Approximate computing is one of the approaches to energy-efficient design of digital systems in many domains, including Machine Learning (ML). The use of specialized data formats in Deep Neural Networks (DNNs), the dominant ML algorithm, could allow substantial improvements in processing time and power efficiency.
The focus is on applying variable precision formats to ML algorithms. These formats allow to set different precisions for different operations and to tune the precision of given layers of the neural network to obtain higher power efficiency.
Increasingly sophisticated and computationally intensive algorithms are required for applications running on mobile devices and embedded processors constituting the Internet-of-Things (IoT). These applications include audio and image recognition, machine learning, and security. Heavy computations are transferred to servers (the cloud), but in the paradigm of Edge computing, it is desirable to perform the computation locally to decrease latency, network traffic and reduce the overall energy footprint.

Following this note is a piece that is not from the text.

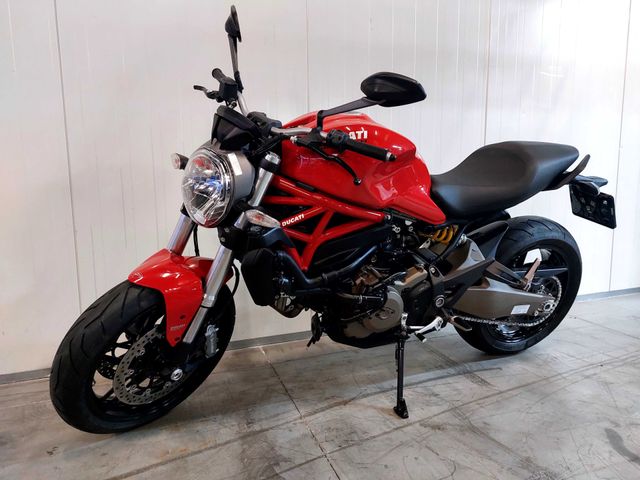 ducati - monster-821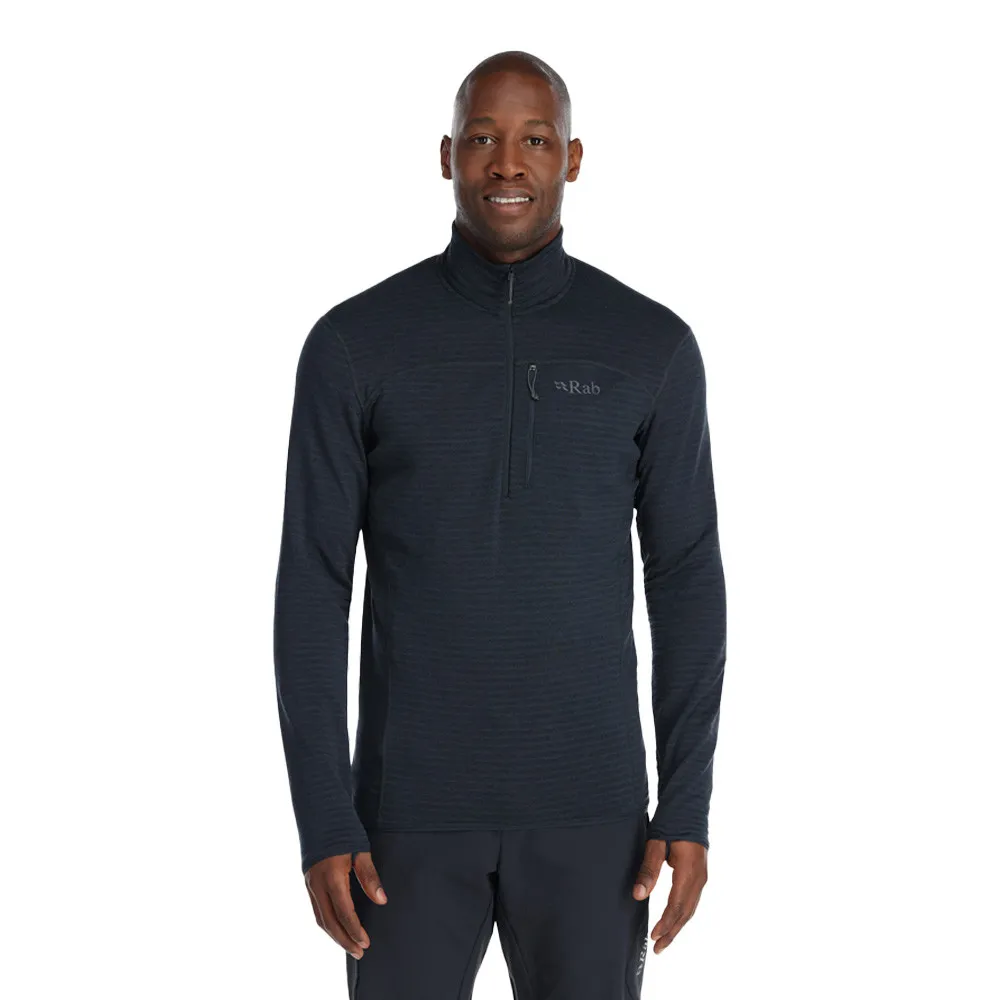 Rab Ascendor Light Pull-On Maglia - AW23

In this context, Application Specific Processors (ASPs) are used to accelerate software applications in portable systems, and at the Edge. FPGA-based accelerators can be designed and fine tuned to match exactly the algorithm, and FPGAs can be reconfigured at run-time by making the system adaptable to the specific workload.

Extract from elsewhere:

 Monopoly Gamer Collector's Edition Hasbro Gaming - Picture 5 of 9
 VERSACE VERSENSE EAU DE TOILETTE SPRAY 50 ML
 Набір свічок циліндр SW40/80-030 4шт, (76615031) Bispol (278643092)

Moreover, provided a library of ASPs, specific ASPs are loaded on-the-fly in the FPGA, Dynamically-Loaded Hardware Libraries (HLL), and the execution is transfered from the CPU to the FPGA-based accelerator.
The main objective is to implement traditional Digital Signal Processing (DSP) by using low-power methods to obtain significant reductions in power consumption.
Residual Arithmetic
The Residue Number System (RNS) allows the decomposition of a given dynamic range (bit-width) in slices of smaller range on which the computation can be implemented in parallel at higher speed.
Imprecise Arithmetic
Precision in arithmetic operations is traded off with reduced power dissipation. In signal processing, it is possible to have an acceptable quality even introducing some errors.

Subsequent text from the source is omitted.